- Work item
Every entry below should come back unchanged, except that the pictures are dropped.

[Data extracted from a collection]
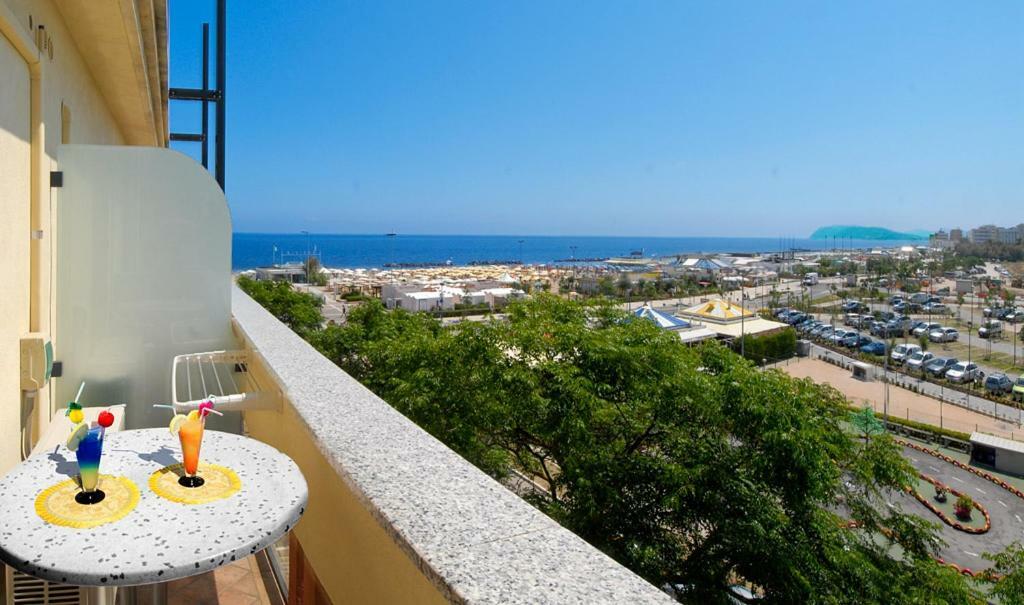 Hotel Alba Serena Misano Adriatico Eksteriør bilde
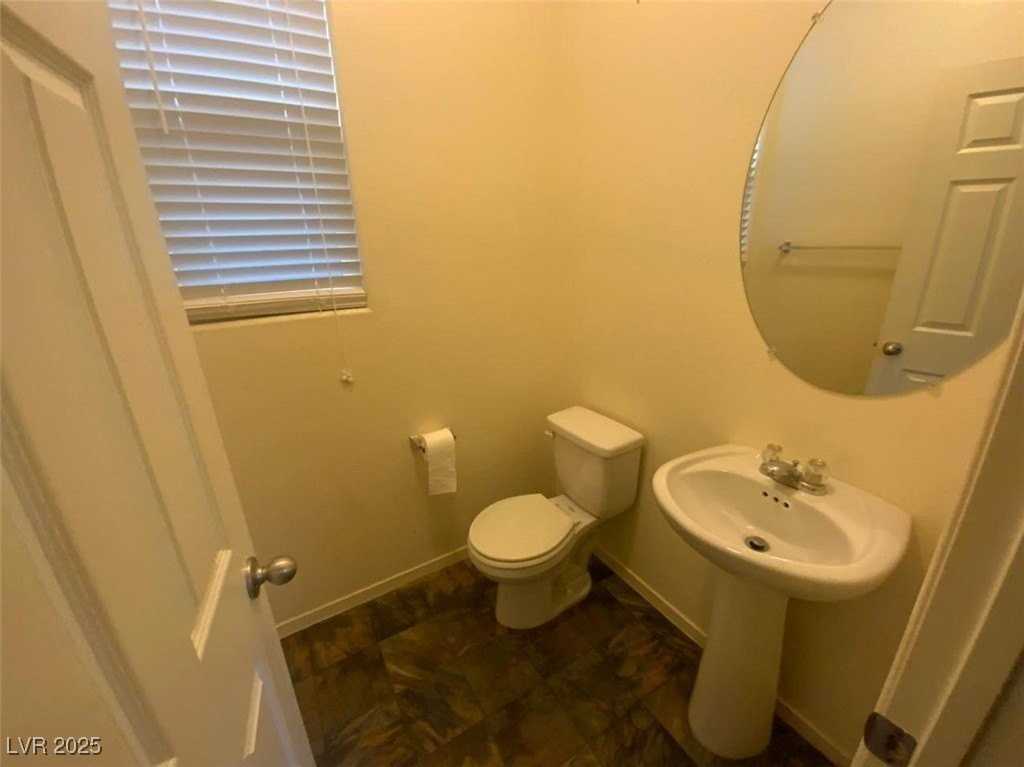 10845 Hunters Green Ave - Photo 7 of 21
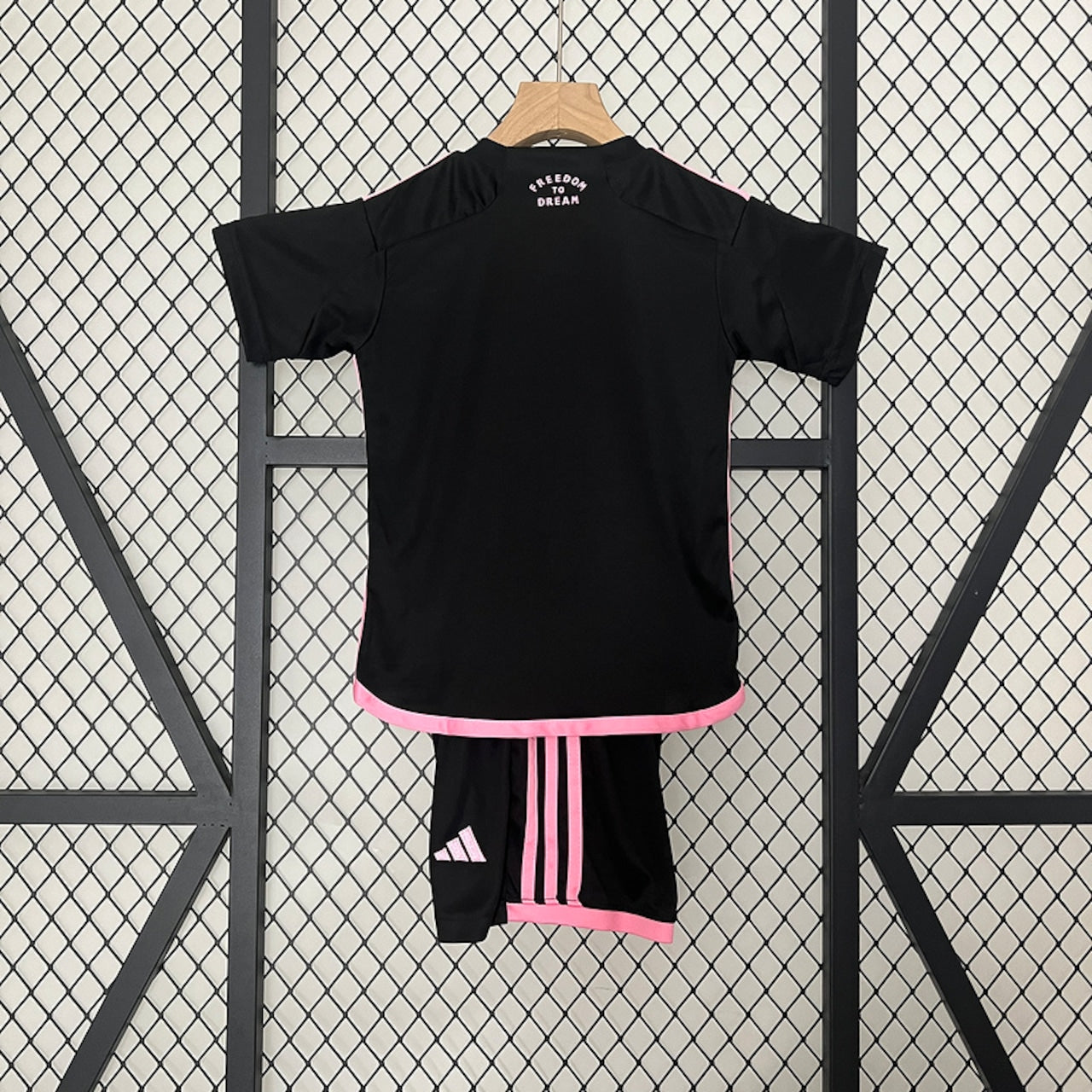 Inter Miami 2024 away jersey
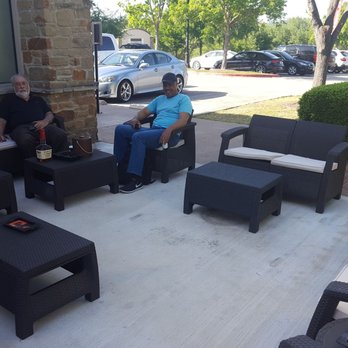 Casa de Montecristo - Great outdoor seating! - Tobacco Shops Near Me - Austin, Texas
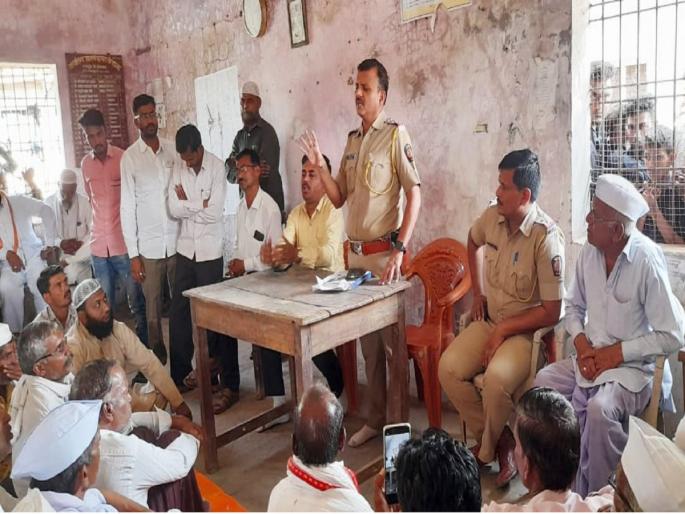 Gram Panchayat member's WhatsApp post causes tension in the village, hurting religious sentiments | ग्रामपंचायत सदस्याच्या व्हाॅट्सॲप पोस्टमुळे गावात तणाव,धार्मिक भावना दुखावल्याने गुन्हा दाखल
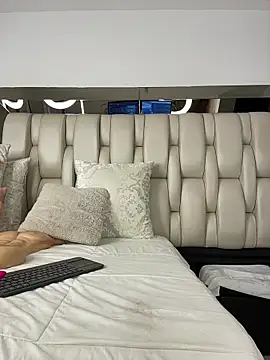 ALISSON_FOXXX1 Adlı Modelin Canlı XXX Sohbeti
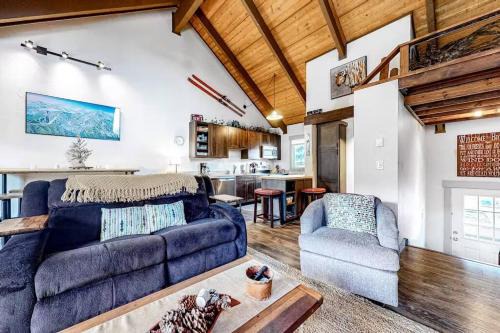 Big Sky Meadow Village Apartment | Cozy Condo Scenic Balcony Adjacent Golf Course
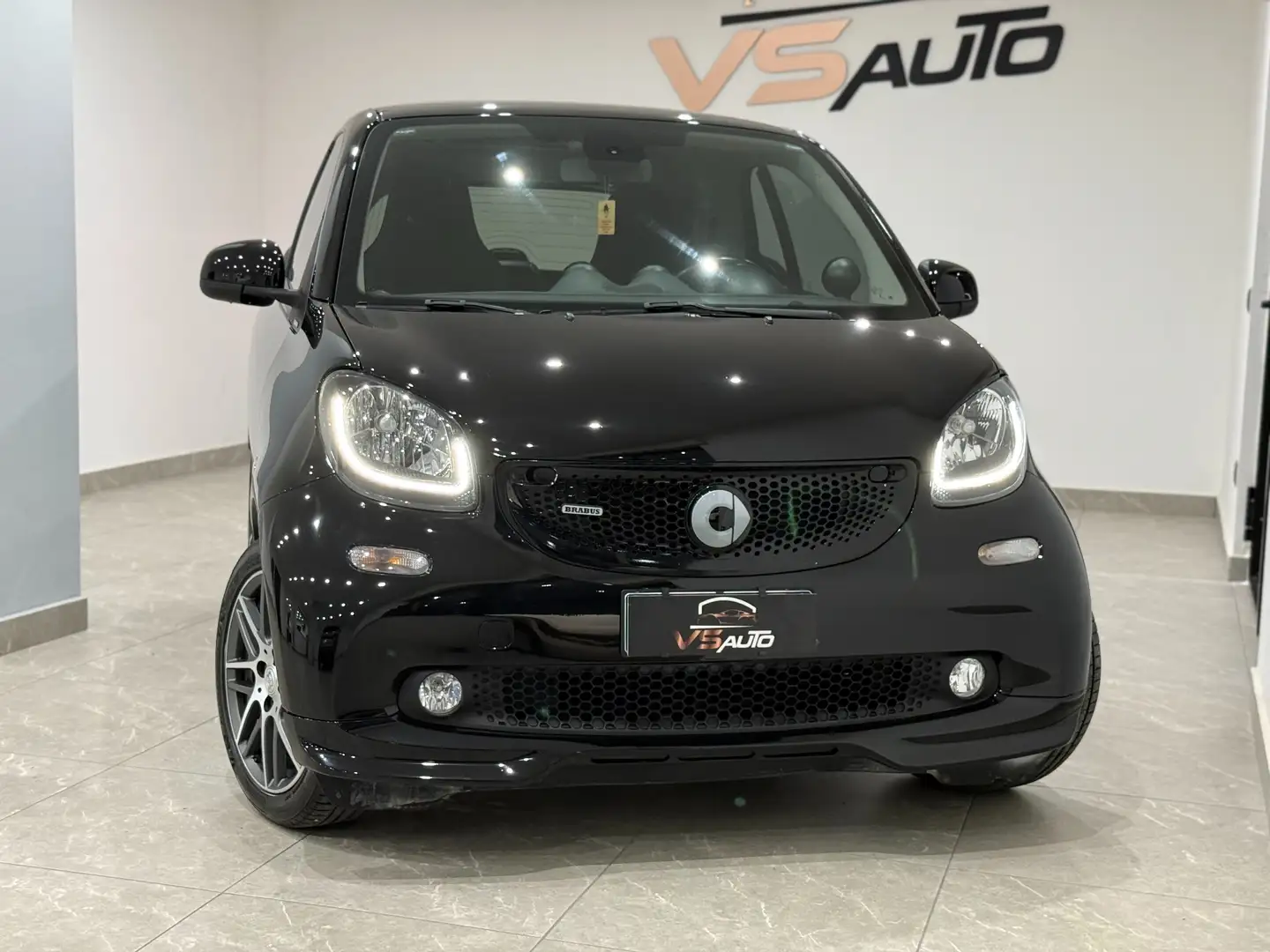 smart forTwo Fortwo 0.9 t Brabus Xclusive 109cv twinamic Nero - 2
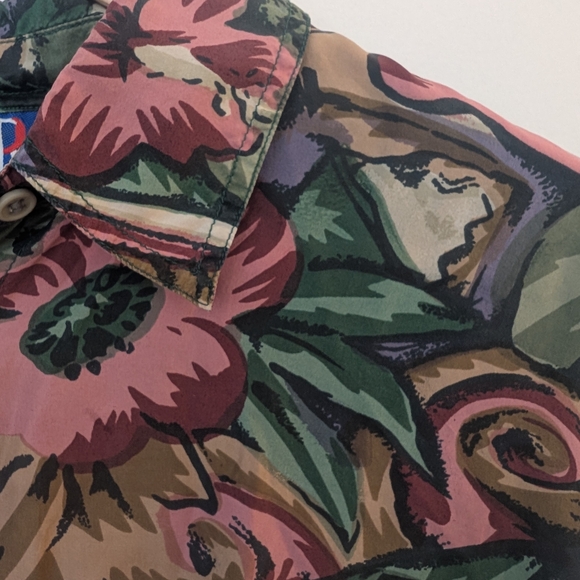 HER Vintage Floral Button-Up Blouse in Pink & Green - Picture 4 of 5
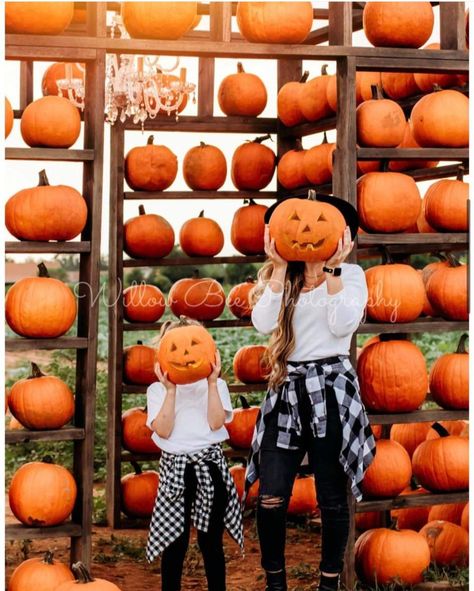 Pumpkin Patch Photoshoot Kids, Mask Photoshoot, Mommy Daughter Photoshoot, Winnie The Pooh Halloween, Pumpkin Patch Photoshoot, Pumpkin Patch Pictures, Daughter Photoshoot, Toddler Photoshoot, Pumpkin Mask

- Solved problem
 Hotel Alba Serena Misano Adriatico Eksteriør bilde
 10845 Hunters Green Ave - Photo 7 of 21
 Inter Miami 2024 away jersey
 Casa de Montecristo - Great outdoor seating! - Tobacco Shops Near Me - Austin, Texas
 Gram Panchayat member's WhatsApp post causes tension in the village, hurting religious sentiments | ग्रामपंचायत सदस्याच्या व्हाॅट्सॲप पोस्टमुळे गावात तणाव,धार्मिक भावना दुखावल्याने गुन्हा दाखल
 ALISSON_FOXXX1 Adlı Modelin Canlı XXX Sohbeti
 Big Sky Meadow Village Apartment | Cozy Condo Scenic Balcony Adjacent Golf Course
 smart forTwo Fortwo 0.9 t Brabus Xclusive 109cv twinamic Nero - 2
 HER Vintage Floral Button-Up Blouse in Pink & Green - Picture 4 of 5
 Pumpkin Patch Photoshoot Kids, Mask Photoshoot, Mommy Daughter Photoshoot, Winnie The Pooh Halloween, Pumpkin Patch Photoshoot, Pumpkin Patch Pictures, Daughter Photoshoot, Toddler Photoshoot, Pumpkin Mask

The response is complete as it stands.